A letter-for-letter copy of the listing is required, with no pictures in it.

• MATERIAL TO PROCESS:
= Beginning of Section =

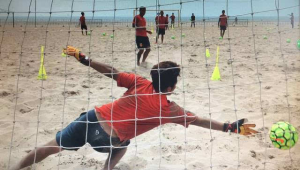 足球手抛边线：究竟能不能抛球引发争议探讨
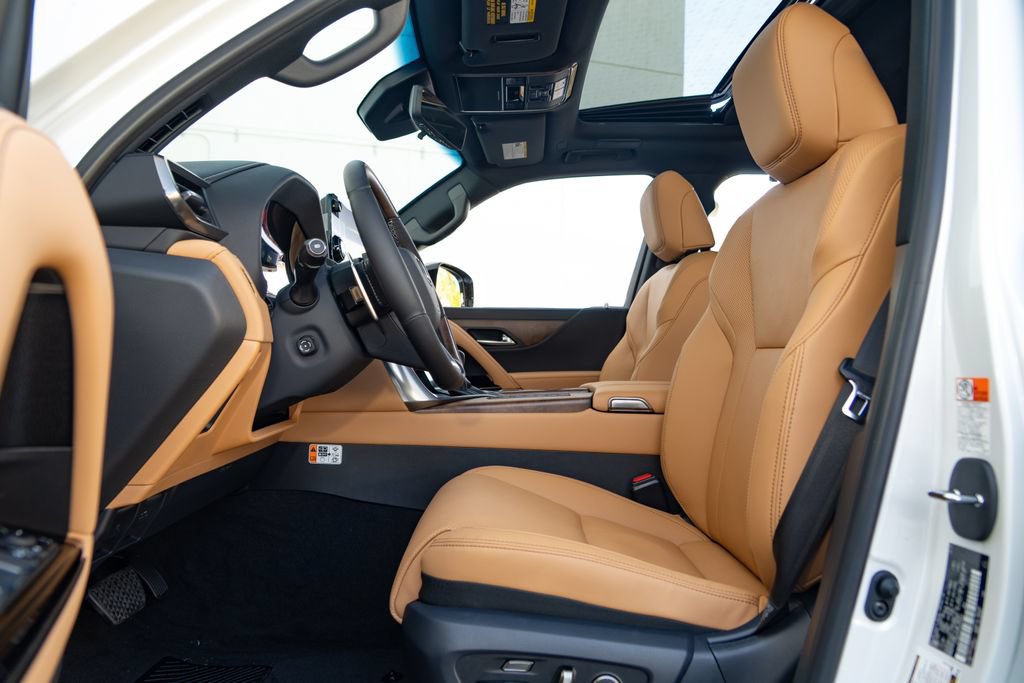 New 2026 Lexus LX 600 4WD w/ Luxury Package image 15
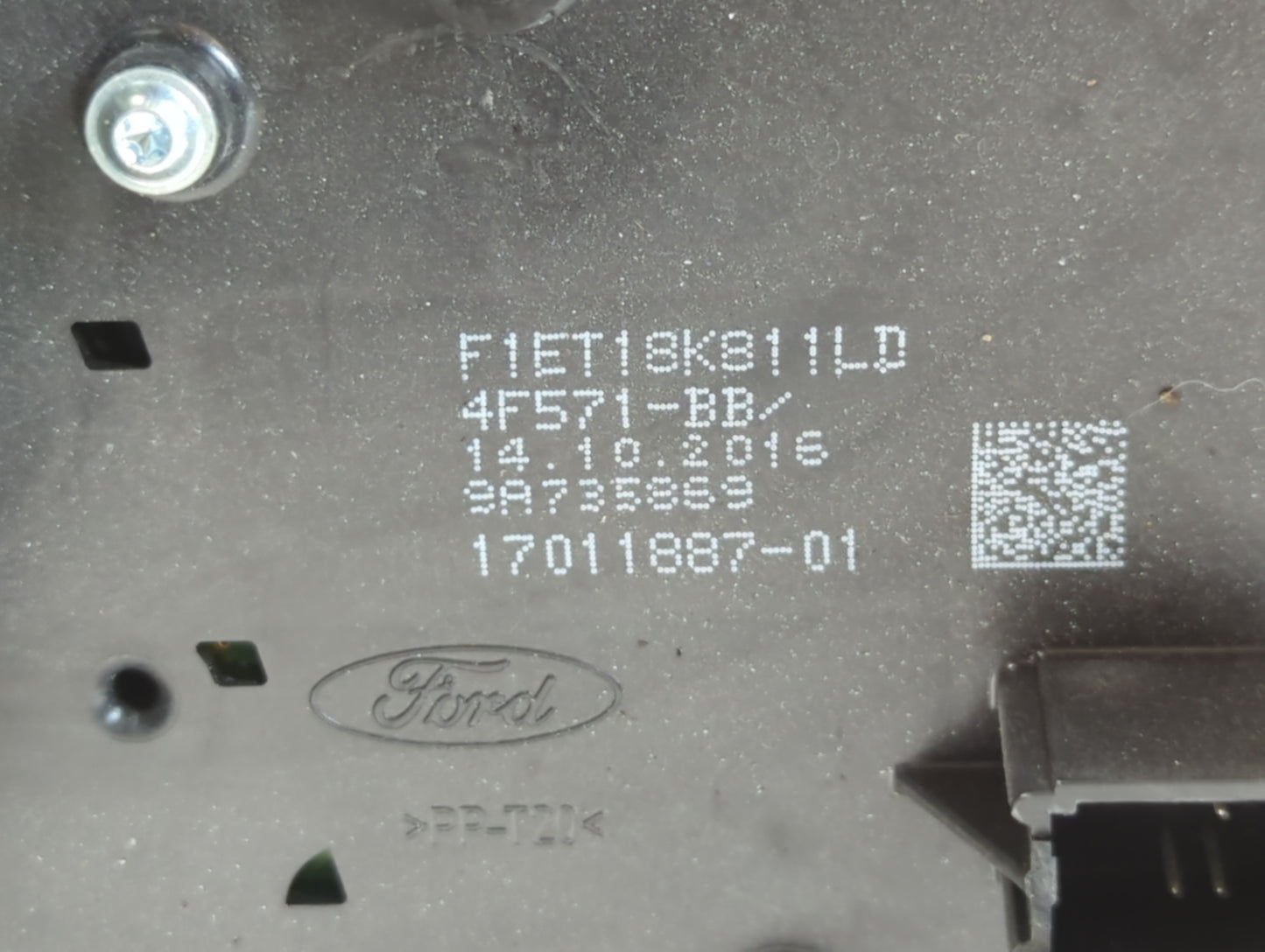 2015-2018 Ford Focus Radio AM FM Cd Player Receiver Replacement P/N:F1ET18K811LD Fits Fits 2015 2016 2017 2018 2019 OEM Used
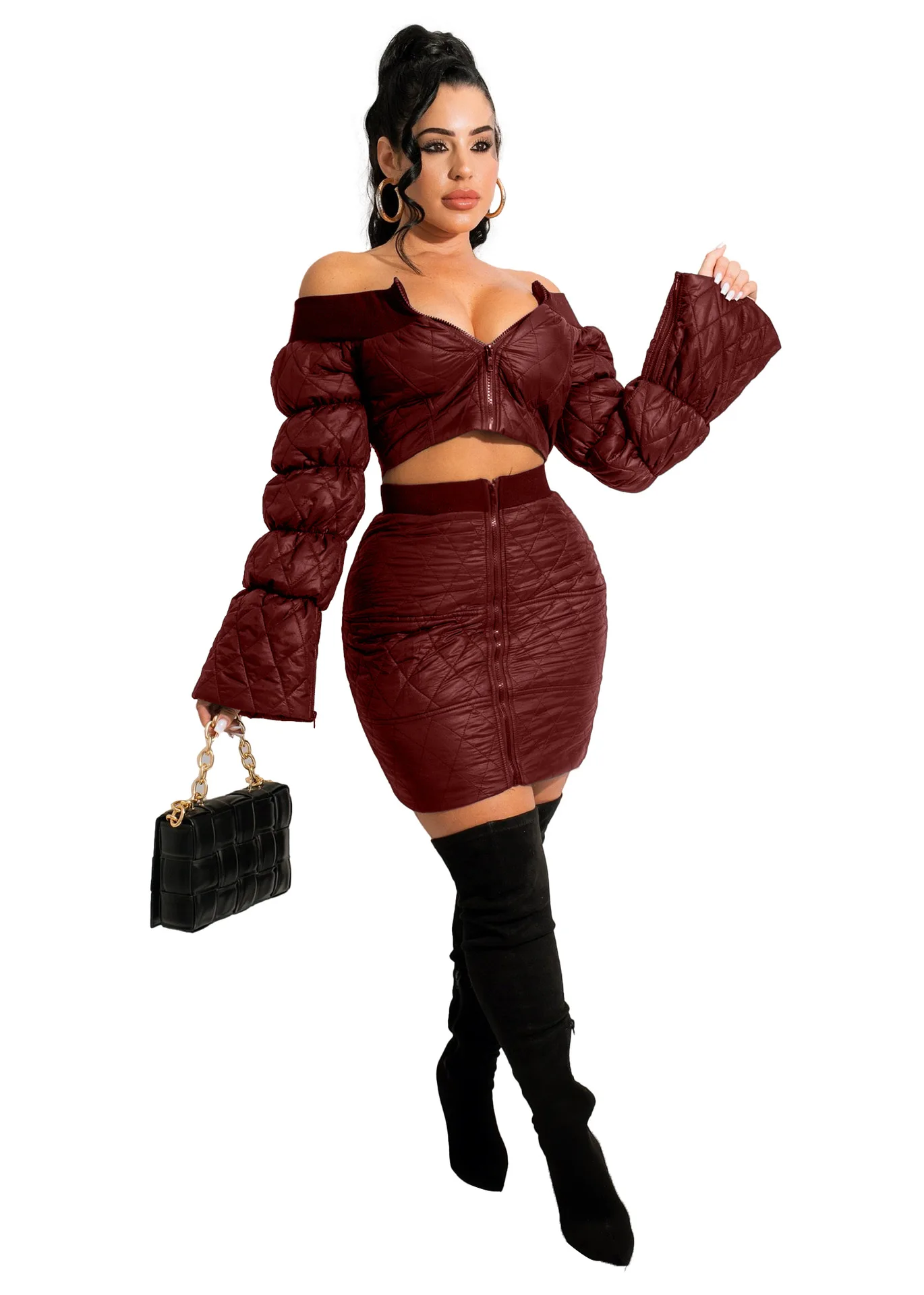 

Осенний сексуальный однотонный комплект из двух предметов, топ с воротником-лодочкой и рукавами-фонариками и мини-юбка с высокой талией, же...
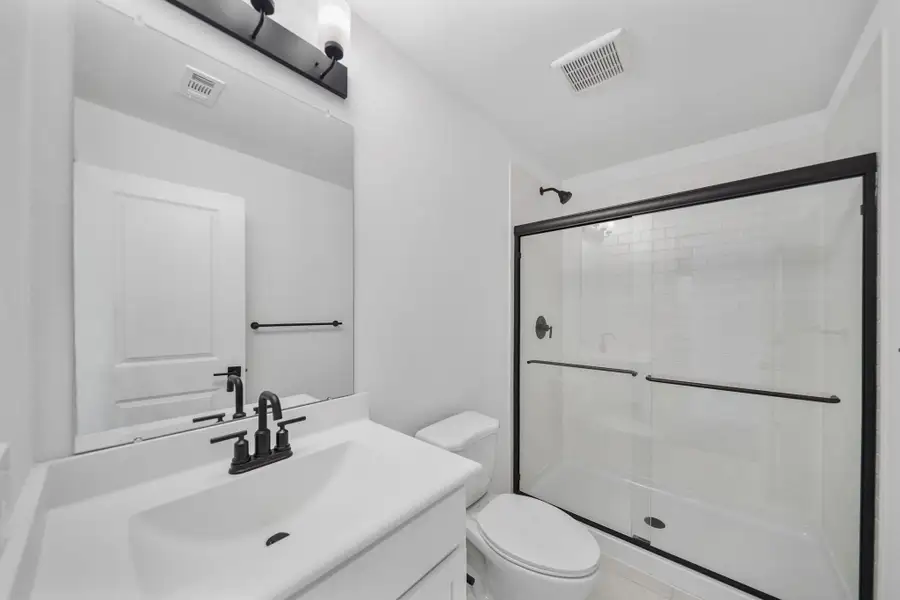 Hall bath (*Photo not of actual home and used for illustration purposes only.)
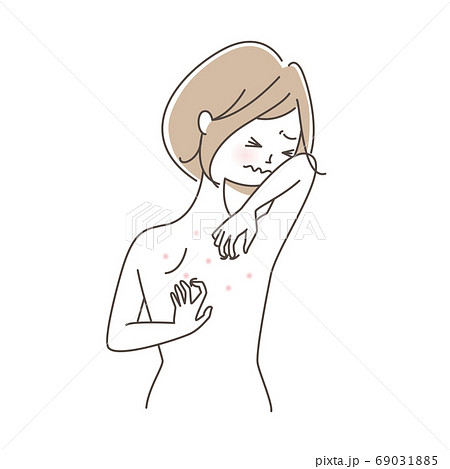 背中をかきむしる女性 背中をかきむしる女性 69031885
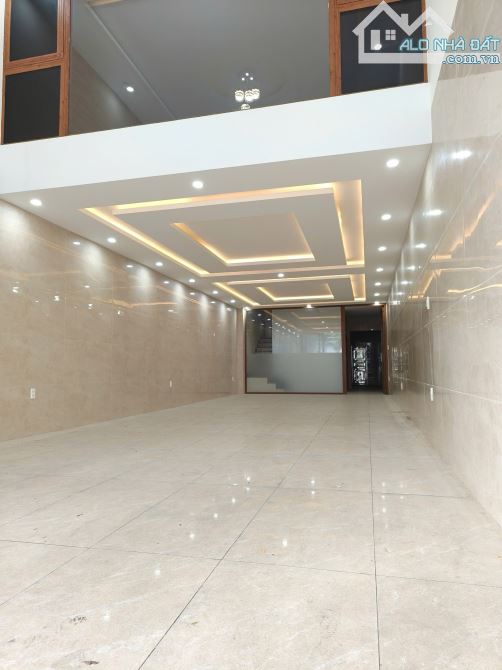 Bán nhà 3 tầng 3 mê mặt phố Phan Đăng Lưu- Hải Châu- Đà Nẵng. Đang cho thuê 25tr/ tháng - 1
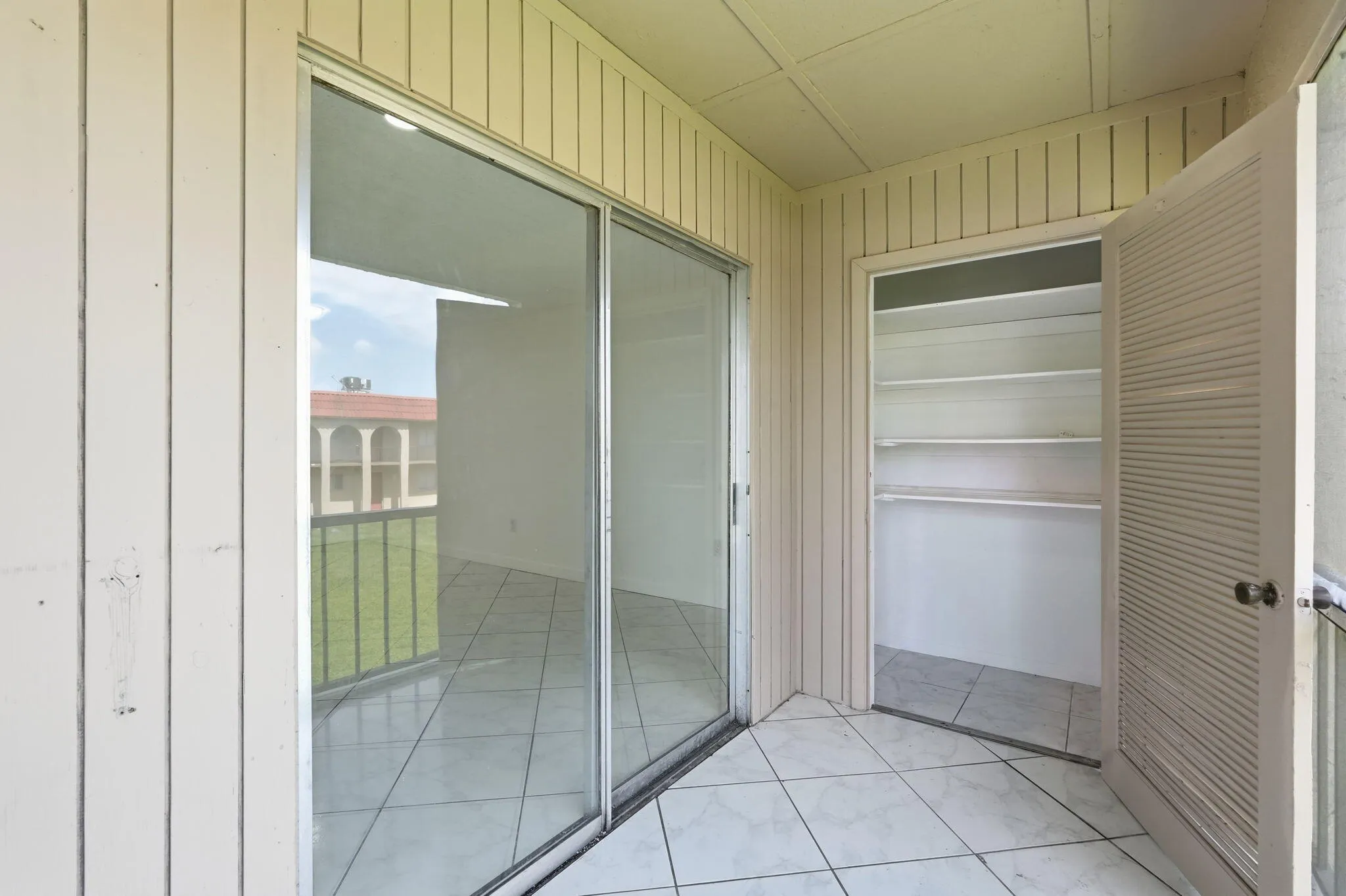 21-web-or-mls-6106_Forest_Hill_Boulevard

= End of Section =

• OUTPUT OF THE TASK:
 足球手抛边线：究竟能不能抛球引发争议探讨
 New 2026 Lexus LX 600 4WD w/ Luxury Package image 15
 2015-2018 Ford Focus Radio AM FM Cd Player Receiver Replacement P/N:F1ET18K811LD Fits Fits 2015 2016 2017 2018 2019 OEM Used

Осенний сексуальный однотонный комплект из двух предметов, топ с воротником-лодочкой и рукавами-фонариками и мини-юбка с высокой талией, же...
 Hall bath (*Photo not of actual home and used for illustration purposes only.)
 背中をかきむしる女性 背中をかきむしる女性 69031885
 Bán nhà 3 tầng 3 mê mặt phố Phan Đăng Lưu- Hải Châu- Đà Nẵng. Đang cho thuê 25tr/ tháng - 1
 21-web-or-mls-6106_Forest_Hill_Boulevard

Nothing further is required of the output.